Yunaedi mengatakan, program tersebut berhasil mengurangi persentase kelebihan kapasitas di lapas dan rutan hingga 30 persen. Berdasarkan data pada 1 Mei 2020, jumlah narapidana penghuni lapas dan rutan sebanyak 232.526 orang.
"Berdasarkan data pada 30 April 2030 pukul 08.00 WIB, itu kita sudah melaksanakan asimilasi dan integrasi sebanyak 39.193 orang. Tentu dampak pengeluaran ini, dari over kapasitas 270 ribu sekian, maka menurun menjadi 232 ribu sekian. Dari over crowded, dari 106 persen menjadi 76 persen," kata Yunaedi.
Dia menambahkan, program pengeluaran narapidana melalui asimilasi dan integrasi tersebut akan terus dilakukan secara bertahap. Pihaknya menargetkan sebanyak 40.329 narapidana dan anak akan menyelesaikan program asimilasi pada akhir tahun 2020.
Menteri Hukum dan HAM (Menkumham) Yasonna Laoly menegaskan, bahwa pengeluaran narapidana (napi) dan anak melalui program asimilasi dan integrasi sebagai upaya mencegah penyebaran Covid-19. Pembebasan juga untuk mengurangi angka kelebihan kapasitas di lembaga pemasyarakatan (lapas), rumah tahanan negara (rutan), maupun lembaga pemasyarakatan khusus anak (LPKA).
Yasonna mengatakan adanya kelebihan kapasitas membuat pembatasan fisik dalam rangka mencegah penyebaran Covid-19 tidak bisa berjalan. Sehingga, diperlukan langkah-langkah strategis dalam upaya membuat jarak antarnapi di dalam lapas, rutan maupun LPKA.
"Pertama kali yang harus dilakukan adalah creating space pada seluruh lapas, rutan dan LPKA yang saat ini mengalami overcrowded.

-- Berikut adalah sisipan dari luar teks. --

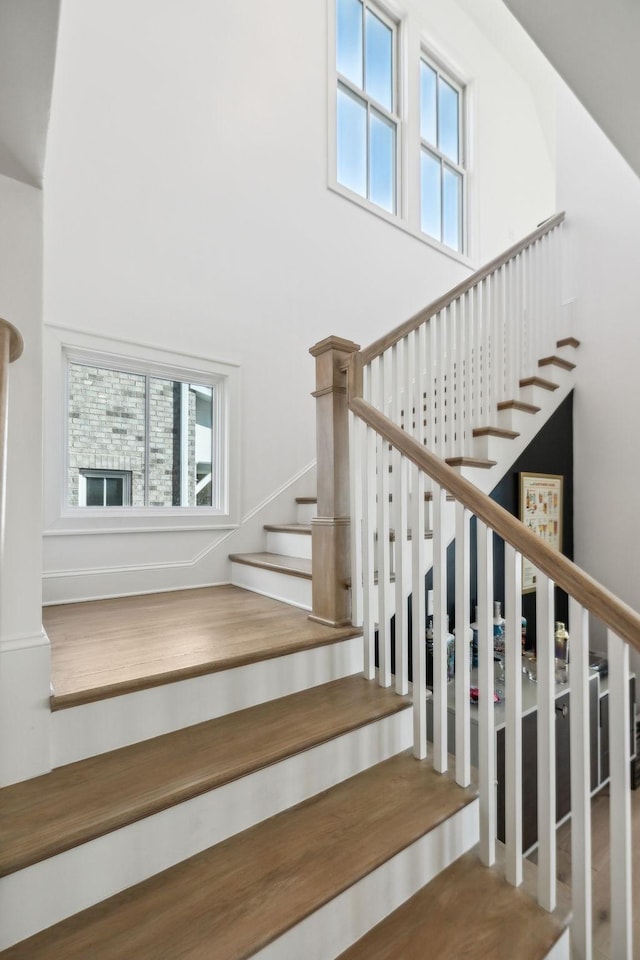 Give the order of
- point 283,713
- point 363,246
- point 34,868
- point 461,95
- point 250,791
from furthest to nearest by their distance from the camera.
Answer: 1. point 461,95
2. point 363,246
3. point 283,713
4. point 250,791
5. point 34,868

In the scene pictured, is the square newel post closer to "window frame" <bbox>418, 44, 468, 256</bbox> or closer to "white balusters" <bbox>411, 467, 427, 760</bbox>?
"white balusters" <bbox>411, 467, 427, 760</bbox>

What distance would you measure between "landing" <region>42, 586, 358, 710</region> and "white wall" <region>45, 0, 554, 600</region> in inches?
14.3

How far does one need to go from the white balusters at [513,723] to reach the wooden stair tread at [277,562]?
1.07m

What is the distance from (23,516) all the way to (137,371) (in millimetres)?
1716

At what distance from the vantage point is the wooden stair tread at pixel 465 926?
3.96 ft

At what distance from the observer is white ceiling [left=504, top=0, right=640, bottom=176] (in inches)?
43.8

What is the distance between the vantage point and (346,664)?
1984mm

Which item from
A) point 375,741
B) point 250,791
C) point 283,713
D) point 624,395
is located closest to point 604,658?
point 624,395

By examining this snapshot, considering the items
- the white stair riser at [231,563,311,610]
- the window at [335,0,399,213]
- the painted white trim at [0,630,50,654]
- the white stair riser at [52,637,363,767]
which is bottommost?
the white stair riser at [52,637,363,767]

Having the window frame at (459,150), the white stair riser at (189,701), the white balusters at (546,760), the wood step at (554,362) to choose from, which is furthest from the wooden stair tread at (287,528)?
the window frame at (459,150)

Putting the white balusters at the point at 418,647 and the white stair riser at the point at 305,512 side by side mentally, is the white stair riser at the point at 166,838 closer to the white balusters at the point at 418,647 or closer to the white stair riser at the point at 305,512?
the white balusters at the point at 418,647

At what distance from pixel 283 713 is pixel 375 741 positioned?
0.33 m

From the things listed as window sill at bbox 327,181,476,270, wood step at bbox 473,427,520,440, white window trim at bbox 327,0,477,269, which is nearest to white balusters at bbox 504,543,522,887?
wood step at bbox 473,427,520,440

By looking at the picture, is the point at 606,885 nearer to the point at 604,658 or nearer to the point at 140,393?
the point at 604,658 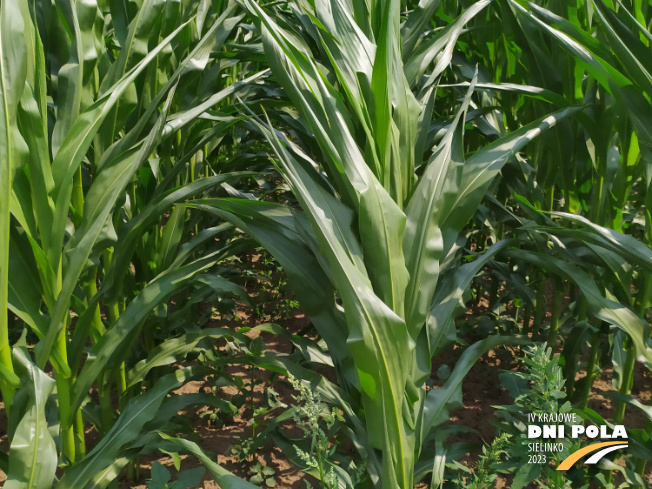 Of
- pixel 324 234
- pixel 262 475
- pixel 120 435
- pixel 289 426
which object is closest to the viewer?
pixel 324 234

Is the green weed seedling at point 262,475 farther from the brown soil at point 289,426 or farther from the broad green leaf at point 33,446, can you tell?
the broad green leaf at point 33,446

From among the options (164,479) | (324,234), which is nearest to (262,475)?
(164,479)

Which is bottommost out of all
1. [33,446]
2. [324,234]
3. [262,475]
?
[262,475]

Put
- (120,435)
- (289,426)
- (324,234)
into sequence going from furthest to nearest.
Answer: (289,426), (120,435), (324,234)

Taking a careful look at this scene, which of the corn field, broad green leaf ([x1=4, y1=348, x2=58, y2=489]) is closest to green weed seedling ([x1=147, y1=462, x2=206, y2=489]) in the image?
the corn field

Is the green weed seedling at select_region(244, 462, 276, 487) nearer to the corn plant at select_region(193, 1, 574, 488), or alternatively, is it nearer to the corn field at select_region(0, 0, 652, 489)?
the corn field at select_region(0, 0, 652, 489)

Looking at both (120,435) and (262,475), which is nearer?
(120,435)

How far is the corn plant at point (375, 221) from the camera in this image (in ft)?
4.19

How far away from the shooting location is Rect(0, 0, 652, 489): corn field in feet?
4.33

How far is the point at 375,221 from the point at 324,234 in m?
0.12

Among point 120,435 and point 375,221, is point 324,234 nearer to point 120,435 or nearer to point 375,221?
point 375,221

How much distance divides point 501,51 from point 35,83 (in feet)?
6.35

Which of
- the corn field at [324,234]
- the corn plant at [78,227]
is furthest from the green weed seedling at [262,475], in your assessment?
the corn plant at [78,227]

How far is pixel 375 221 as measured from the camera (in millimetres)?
1286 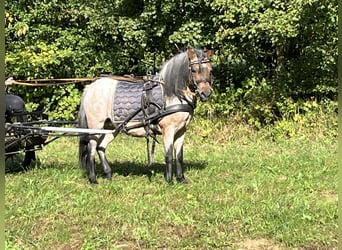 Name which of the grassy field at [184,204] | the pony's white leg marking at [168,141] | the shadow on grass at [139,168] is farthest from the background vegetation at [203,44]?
the pony's white leg marking at [168,141]

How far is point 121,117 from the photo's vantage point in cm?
632

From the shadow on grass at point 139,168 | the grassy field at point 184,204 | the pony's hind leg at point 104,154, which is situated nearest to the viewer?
the grassy field at point 184,204

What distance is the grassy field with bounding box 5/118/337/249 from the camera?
437 centimetres

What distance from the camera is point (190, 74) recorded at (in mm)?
5871

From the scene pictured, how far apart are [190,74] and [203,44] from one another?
608 centimetres

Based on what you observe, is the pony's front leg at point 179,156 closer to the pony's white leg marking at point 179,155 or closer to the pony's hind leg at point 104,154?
the pony's white leg marking at point 179,155

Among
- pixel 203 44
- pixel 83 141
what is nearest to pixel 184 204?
pixel 83 141

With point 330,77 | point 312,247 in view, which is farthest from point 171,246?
point 330,77

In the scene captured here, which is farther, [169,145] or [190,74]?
[169,145]

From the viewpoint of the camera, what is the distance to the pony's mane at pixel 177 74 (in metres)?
5.95

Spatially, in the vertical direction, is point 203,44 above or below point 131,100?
above

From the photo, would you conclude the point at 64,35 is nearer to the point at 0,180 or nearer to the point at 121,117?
the point at 121,117

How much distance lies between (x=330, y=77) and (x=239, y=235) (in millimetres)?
7141

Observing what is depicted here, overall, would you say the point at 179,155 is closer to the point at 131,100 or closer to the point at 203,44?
the point at 131,100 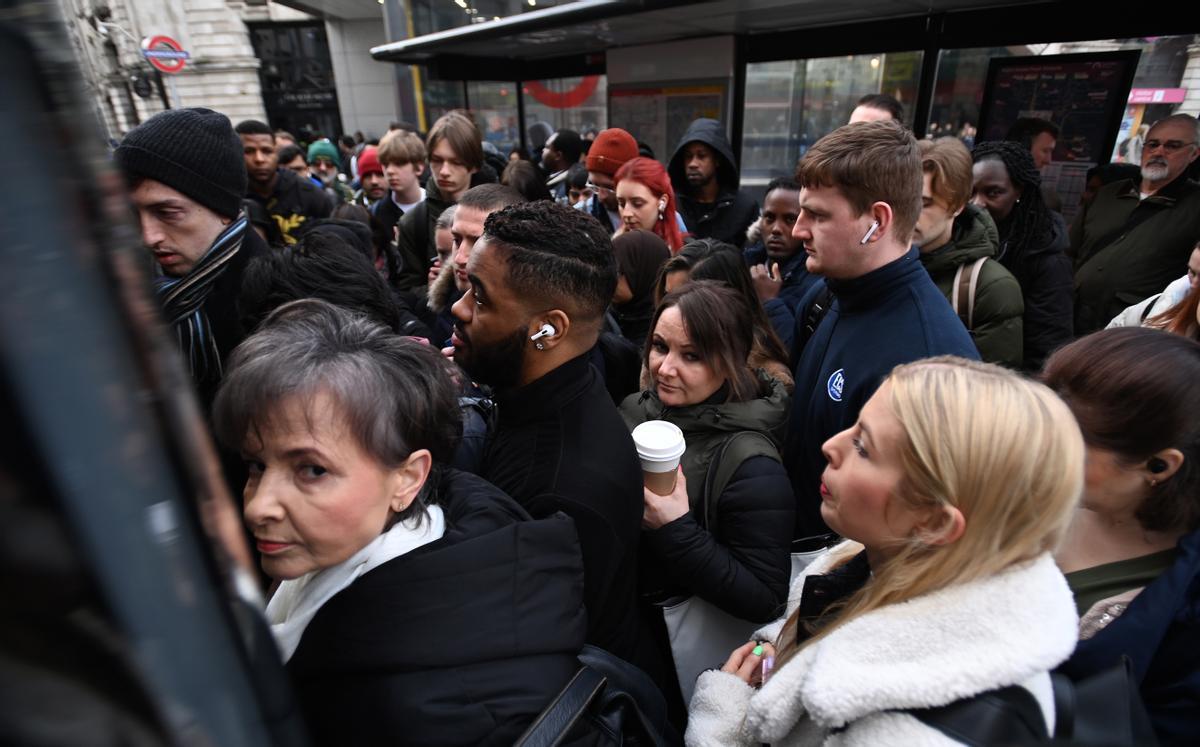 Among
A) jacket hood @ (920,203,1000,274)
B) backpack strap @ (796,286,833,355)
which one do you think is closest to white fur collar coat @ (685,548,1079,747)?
backpack strap @ (796,286,833,355)

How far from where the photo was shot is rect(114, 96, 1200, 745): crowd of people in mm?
1001

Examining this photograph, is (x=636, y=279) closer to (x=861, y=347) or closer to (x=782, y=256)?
(x=782, y=256)

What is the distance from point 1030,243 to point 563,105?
10.0 meters

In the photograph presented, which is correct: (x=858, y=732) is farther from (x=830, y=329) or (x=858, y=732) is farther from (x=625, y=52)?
(x=625, y=52)

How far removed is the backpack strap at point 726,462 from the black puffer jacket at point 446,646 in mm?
810

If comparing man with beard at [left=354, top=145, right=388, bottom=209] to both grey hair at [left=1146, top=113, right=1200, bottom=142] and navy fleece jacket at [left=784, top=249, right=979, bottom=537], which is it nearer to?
navy fleece jacket at [left=784, top=249, right=979, bottom=537]

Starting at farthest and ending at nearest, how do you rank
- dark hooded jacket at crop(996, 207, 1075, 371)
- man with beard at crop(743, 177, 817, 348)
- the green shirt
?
man with beard at crop(743, 177, 817, 348) < dark hooded jacket at crop(996, 207, 1075, 371) < the green shirt

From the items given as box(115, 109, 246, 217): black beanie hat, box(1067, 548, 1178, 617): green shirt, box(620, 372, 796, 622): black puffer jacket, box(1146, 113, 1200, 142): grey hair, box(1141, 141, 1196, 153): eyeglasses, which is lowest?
box(620, 372, 796, 622): black puffer jacket

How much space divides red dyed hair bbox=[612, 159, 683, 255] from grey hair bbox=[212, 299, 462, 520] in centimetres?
258

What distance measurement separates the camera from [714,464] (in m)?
1.94

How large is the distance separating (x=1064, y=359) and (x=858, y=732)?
1.12 metres

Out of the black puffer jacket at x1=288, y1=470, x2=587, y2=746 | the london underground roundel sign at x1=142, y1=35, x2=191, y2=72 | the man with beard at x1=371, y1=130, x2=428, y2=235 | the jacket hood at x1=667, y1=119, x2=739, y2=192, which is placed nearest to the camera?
the black puffer jacket at x1=288, y1=470, x2=587, y2=746

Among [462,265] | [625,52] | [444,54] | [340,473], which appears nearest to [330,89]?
[444,54]

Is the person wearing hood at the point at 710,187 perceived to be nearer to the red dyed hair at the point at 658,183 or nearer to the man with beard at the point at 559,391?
the red dyed hair at the point at 658,183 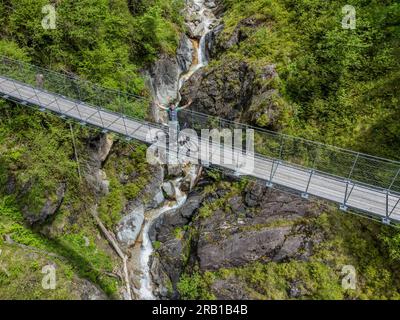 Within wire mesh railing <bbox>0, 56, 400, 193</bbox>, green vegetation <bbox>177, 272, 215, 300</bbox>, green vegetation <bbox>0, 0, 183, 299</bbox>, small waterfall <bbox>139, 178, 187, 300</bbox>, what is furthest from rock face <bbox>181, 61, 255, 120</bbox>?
green vegetation <bbox>177, 272, 215, 300</bbox>

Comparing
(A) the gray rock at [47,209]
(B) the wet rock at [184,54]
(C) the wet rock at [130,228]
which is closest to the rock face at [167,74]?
(B) the wet rock at [184,54]

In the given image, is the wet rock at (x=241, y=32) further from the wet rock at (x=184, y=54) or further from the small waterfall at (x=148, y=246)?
the small waterfall at (x=148, y=246)

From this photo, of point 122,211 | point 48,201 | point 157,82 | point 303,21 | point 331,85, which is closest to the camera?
point 48,201

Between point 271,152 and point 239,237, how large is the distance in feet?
9.62

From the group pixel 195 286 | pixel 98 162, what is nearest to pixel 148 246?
pixel 195 286

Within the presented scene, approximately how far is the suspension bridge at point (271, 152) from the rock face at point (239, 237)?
1.59m

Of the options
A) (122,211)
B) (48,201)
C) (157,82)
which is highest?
(157,82)

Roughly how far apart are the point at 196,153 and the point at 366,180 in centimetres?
480

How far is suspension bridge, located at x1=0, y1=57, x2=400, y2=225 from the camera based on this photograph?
7.98 meters

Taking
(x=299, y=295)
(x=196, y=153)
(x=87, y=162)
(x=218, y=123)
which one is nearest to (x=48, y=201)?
(x=87, y=162)

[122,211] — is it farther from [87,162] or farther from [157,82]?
[157,82]

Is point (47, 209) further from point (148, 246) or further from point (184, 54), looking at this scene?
point (184, 54)

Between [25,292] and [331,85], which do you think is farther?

Maka dari itu saya menginstruksikan segera pada jajaran pemasyarakatan untuk melakukan langkah-langkah pencegahan, dari mulai penyiapan bilik sterilisasi, penghentian sementara penerimaan tahanan, subtitusi layanan kunjungan dengan layanan daring, pelaksanaan sidang online, sampai pada kebijakan program asimilasi dan integrasi melalui Permenkumham Nomor 10 Tahun 2020," ujar Yasonna dalam keterangan tertulis, di Jakarta, Senin (27/4).